Can you check if you have any logs for "Encountered an error when closing data writer..." (line 118)?
I do not have any errors when closing writers.
P.S. are you running at Beam HEAD? We recently merged a change that adds a static table cache (https://github.com/apache/beam/pull/32686), so it should be loaded only once per RecordWriterManager
I am running version 2.59.0.
There's been quite a bit of improvements recently (see here). They should be available for 2.60.0
-- all except the two most recent PRs (#32686, #32688).
Can you try running the same pipeline against HEAD or the latest snapshot?
I noticed, however, that I have not provided the triggering frequency. I will check if it changes something and let you know.

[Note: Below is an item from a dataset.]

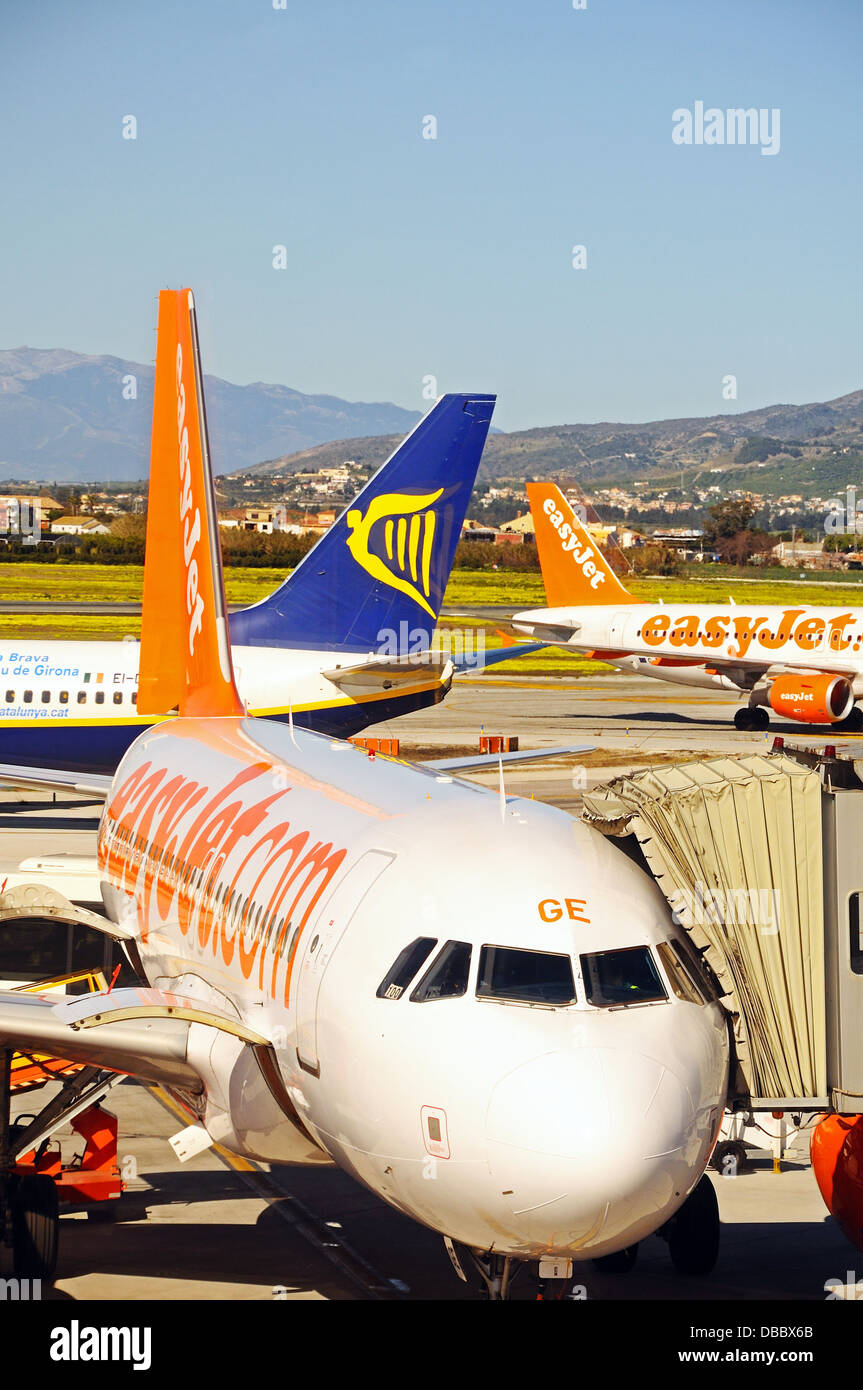 EasyJet Airbus A319 verbunden mit einem Airbridge und Ryanair Boeing 737-800 an der hinteren, Flughafen Malaga, Spanien. Stockfoto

I also found that the writer hangs indefinitely while trying to update the manifest file, but not timing out. Not sure why is that🤔
Operation ongoing in bundle for at least 02h10m00s without completing
Current user step name: Managed.ManagedTransform/ManagedSchemaTransformProvider.ManagedSchemaTransform/IcebergWriteSchemaTransformProvider.IcebergWriteSchemaTransform/IcebergIO.WriteRows/Write Rows to Destinations/AppendFilesToTables/Append metadata updates to tables
Time spent in this step(millis): 1728598024092
Processing times in each step(millis)
Step name: Managed.ManagedTransform/ManagedSchemaTransformProvider.ManagedSchemaTransform/IcebergWriteSchemaTransformProvider.IcebergWriteSchemaTransform/MapElements/Map
Time spent in this step: IntSummaryStatistics{count=90, sum=124, min=0, average=1.377778, max=53}
Step name: Managed.ManagedTransform/ManagedSchemaTransformProvider.ManagedSchemaTransform/IcebergWriteSchemaTransformProvider.IcebergWriteSchemaTransform/IcebergIO.WriteRows/Write Rows to Destinations/AppendFilesToTables/Append metadata updates to tables
Time spent in this step: IntSummaryStatistics{count=90, sum=17162211, min=34058, average=190691.233333, max=996066}
Step name: Managed.ManagedTransform/ManagedSchemaTransformProvider.ManagedSchemaTransform/IcebergWriteSchemaTransformProvider.IcebergWriteSchemaTransform/IcebergIO.WriteRows/Write Rows to Destinations/AppendFilesToTables/Group metadata updates by table/ReadStream
Time spent in this step: IntSummaryStatistics{count=942, sum=1470, min=0, average=1.560510, max=234}
at java.base@11.0.20/java.net.SocketInputStream.socketRead0(Native Method)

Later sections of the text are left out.